**Stored data**.
- Opening Delimiter -
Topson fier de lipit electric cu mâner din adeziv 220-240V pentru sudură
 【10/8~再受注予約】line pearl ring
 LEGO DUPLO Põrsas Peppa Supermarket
- Closing Delimiter -
**Task directions**. Give every line of the material again, exactly as it reads.

**Output of the task**.
Topson fier de lipit electric cu mâner din adeziv 220-240V pentru sudură
 【10/8~再受注予約】line pearl ring
 LEGO DUPLO Põrsas Peppa Supermarket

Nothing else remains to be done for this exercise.